Todos los días cuando termino el trabajo y decido ir de vuelta al piso donde vivo andando cruzo por debajo de un pasaje, mientras arriba en la superficie se encuentran las vías del tranvía. En este pasaje me he encontrado de todo, desde chicos jóvenes tocando los timbales, desde algún que otro guitarrista aportando acordes para que la vida no nos parezca tan corta, o desde otros jóvenes que desde primera hora de la mañana se encuentran repartiendo publicidad para ganarse así algunos duros. O el olor a comida polaca que desprende un pequeño bar que se encuentra en el mismo pasaje.

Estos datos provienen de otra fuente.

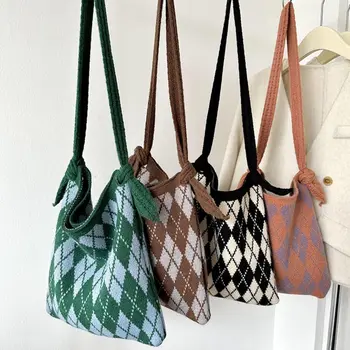 Повседневная сумка ручной работы, многоразовая сумка-тоут большой емкости, вязаные сумки для покупок Для женщин и девочек
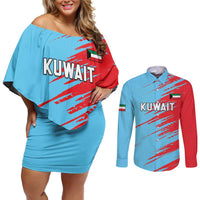 Custom Kuwait Cricket Couples Matching Off Shoulder Short Dress and Long Sleeve Button Shirt Unique Style LT05 - Wonder Print Shop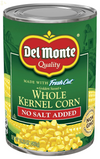 Del Monte Canned No Salt Added Golden Sweet Whole Kernel Corn, 15.25 Oz Packaging may vary 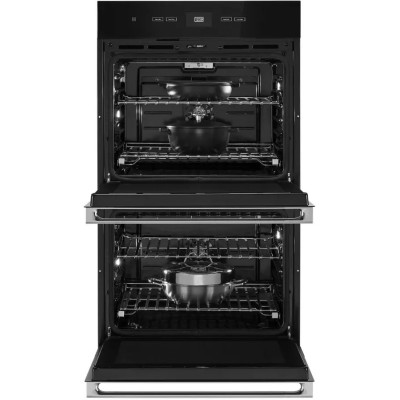 Jenn-Air JJW2830LM 30" Double Wall Oven With Convection & Self Clean Floating Glass Black & Stainless Steel Color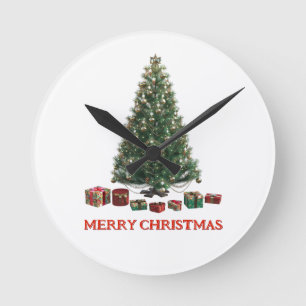 Merry Christmas. Tree (design 1) with gifts Round Clock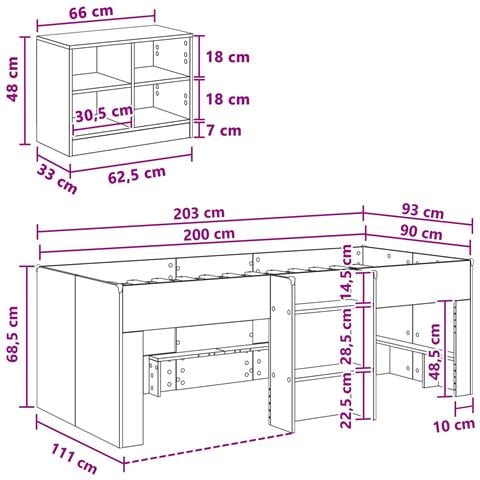 Struttura Letto Loft con Mobile 3 pz Rovere Artigianale - Foto 8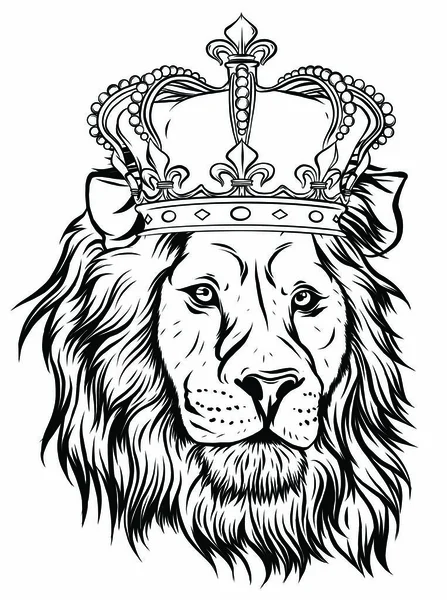Vektorillustration Lejonkungen, huvudet av ett lejon i kronan, på en vit bakgrund. — Stock vektor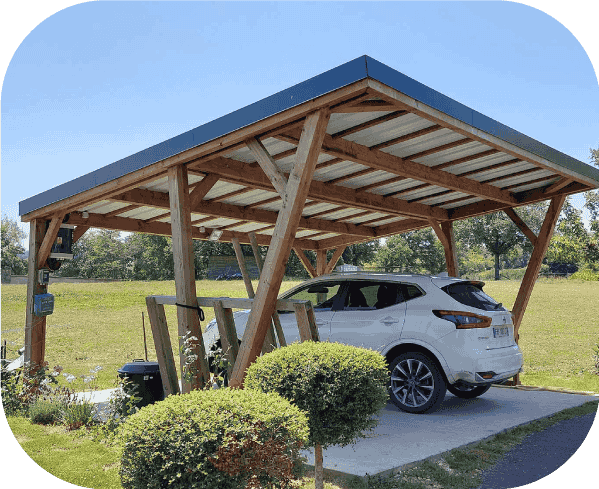 Photo d'une installation de carport photovoltaïque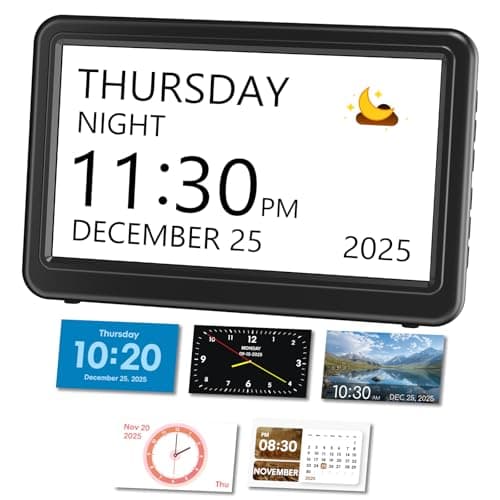 Image of Mesqool Calendar Clock with Days Dates and Time, Digital Dementia Clock with 20 Alarms & Custom Reminders, 7'' Large Number Display, Auto Dimmer and Photo Frame for Elderly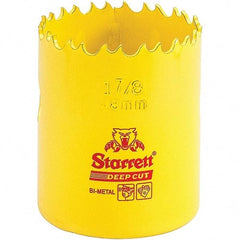 Starrett - 1-7/8" Diam, 2" Cutting Depth, Hole Saw - High Speed Steel Saw, Toothed Edge - Caliber Tooling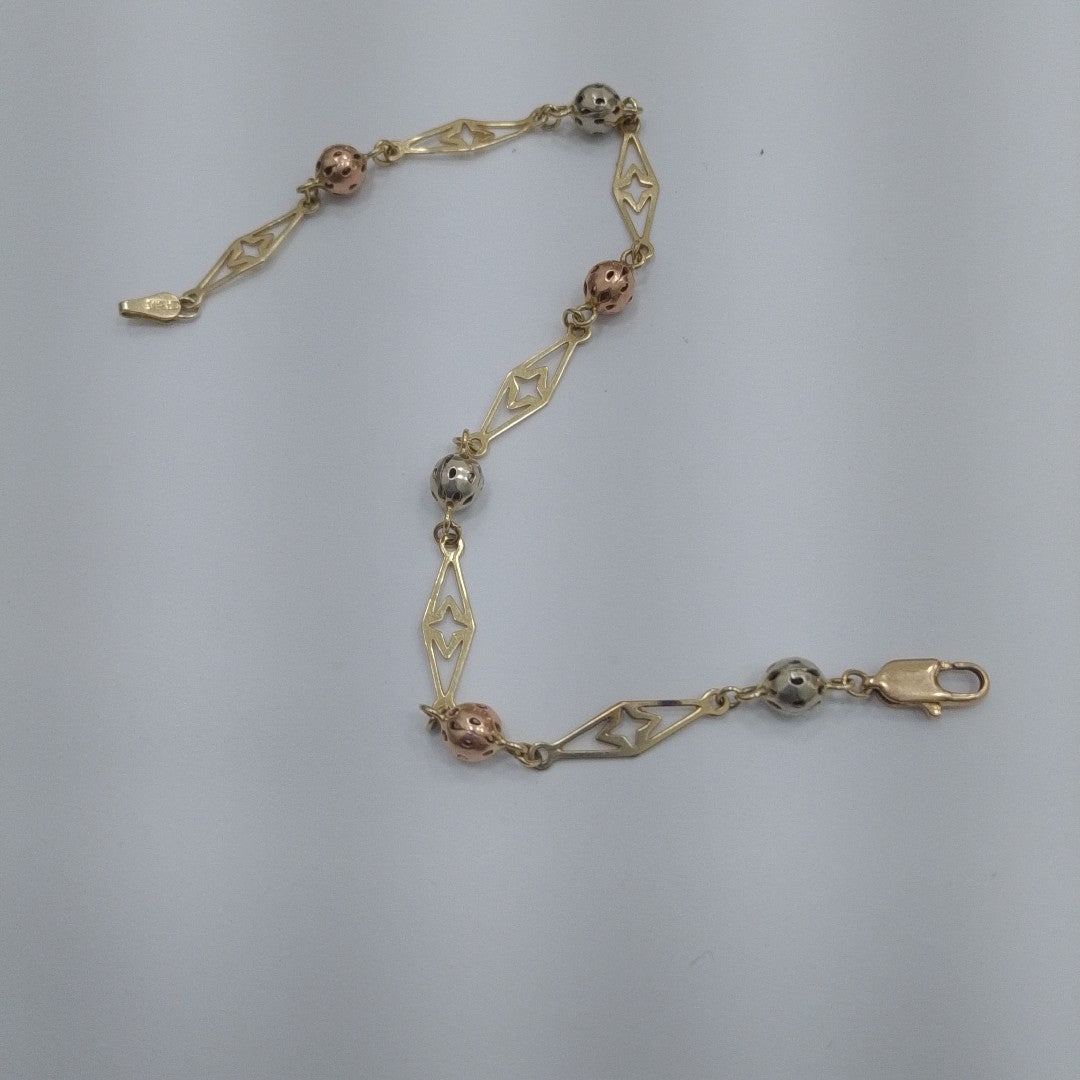 PULSERA ORO COMBINADO 14 K 3.8 GRMS (SEMINUEVO)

Pero quien realmente me ha llamado la atención y quiero convertir en protagonista de este blog es una viejecita que veo casi todos los días, sentada en una silla de esas plegables que utilizamos para llevar a la playa, mientras que con su mano derecha sostiene un vaso de plástico esperando a que alguien le dé algo de dinero. Tiene como compañía a sus dos perros pequeños, normalmente uno de ellos siempre se encuentra en sus brazos y el otro tumbado en el suelo encima de una pequeña manta. Ella nunca dice nada, ni cambia la postura, esta quieta, con la mirada perdida a ninguna parte. Su rostro refleja el cansancio de los años, la derrota quizás de una vida que le ha quitado más que le ha dado. Al menos uno quiere pensar que le queda el consuelo y la fidelidad más pura que seguramente le otorgaran sus dos perros, y ese amor incondicional que tan solo ellos son capaces de mostrar y que muchas veces nos gustaría que hubieran personas capaces tan solo de demostrar la mitad de lo que ellos demuestran. Con solo esa mitad, seguro que el mundo sería un lugar mejor.

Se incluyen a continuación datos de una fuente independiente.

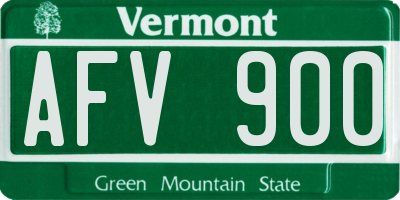 VT license plate AFV900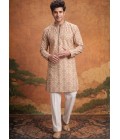 Off White Art Silk Embroidery Mens Festive Wear Kurta Pant
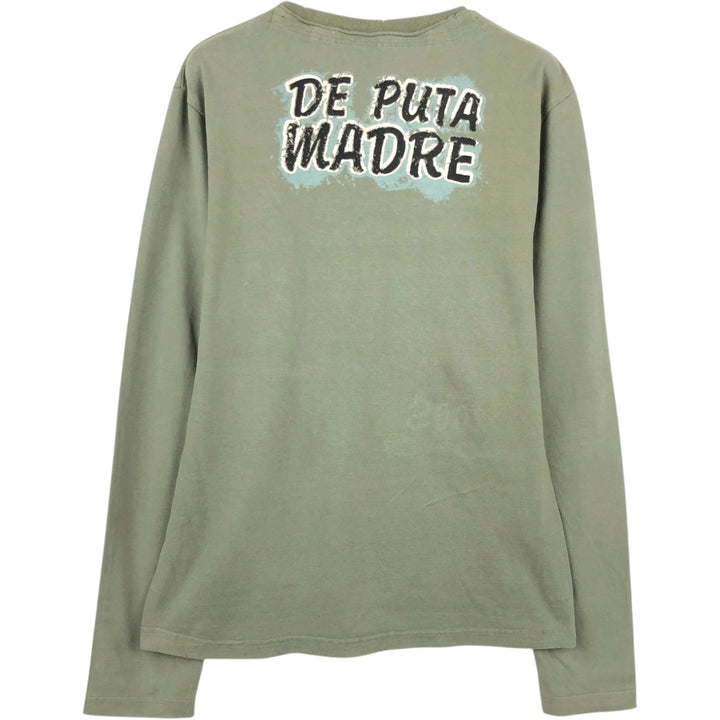 DE PUTA MADRE 69 Pin-up Girl Long-Sleeve T-Shirt (Women's Size M) cotton Khaki type sage green Vintage Second Hand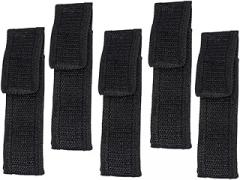 5pcs Black Flashlight Storage Bag Mini Electronic Torch Pouch Cloth Case for Camping Hiking and Outdoor Activities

Todos los días que paso por el pasaje y me la encuentro no puedo dejar de observarla, de sentir que en cierta manera se merece ser la protagonista de una novela que todavía no se ha escrito para ella, y que sino es aquí en esta vida, que tan perra da la sensación que le ha tratado. Al menos encuentre su protagonismo en otra vida. A veces me gustaría preguntarle más por curiosidad que por otra cosa que le ha pasado para haber acabado ahí, debajo del pasaje pidiendo. Pero sé que no lo haré, igual que tampoco me nacerá ningún acto altruista en pos de su beneficio. Quizás porque no se me ocurre hacer nada por ella, quizás porque me siento impotente para ayudarla, o simplemente porque tan solo me da pena y no siento ninguna obligación de echarle una mano. O lo más seguro porque nos acostumbramos a aceptar el mundo como es y a saber que aunque nos duela y nos sepa mal hay personas que como ella, la vida les dio la espalda y les dejo maltrechas para el resto de sus días, y aunque quizás en nuestros delirios de grandeza, en esos que salvaríamos el mundo, y ayudaríamos a todos los desfavorecidos nos convertiríamos en su ángel de la guarda. Lo cierto es que al final todo se queda en milongas y en palabras que se desvanecen y se van igual que han venido. Y el orden establecido volverá a su curso. Yo seguiré con mi vida, y la continuaré viendo casi todos los días debajo en el pasaje con su vaso de plástico agarrado por la mano derecha a ver si alguien le deja algo de dinero. Eso sí, al menos esta experiencia me ha servido para reafirmarme que mientras tengamos la oportunidad de disfrutar de la vida, saborearla y exprimirla hasta el final, no dejemos de hacerlo. Porque a veces nos perdemos en madejas de problemas insulsos que lo único que hacen es robarnos cada vez un pedacito de vida, y sin darnos cuenta nos dejamos la mayoría de veces, no siempre, que nos la quiten sin nuestro permiso aunque no nos demos cuenta.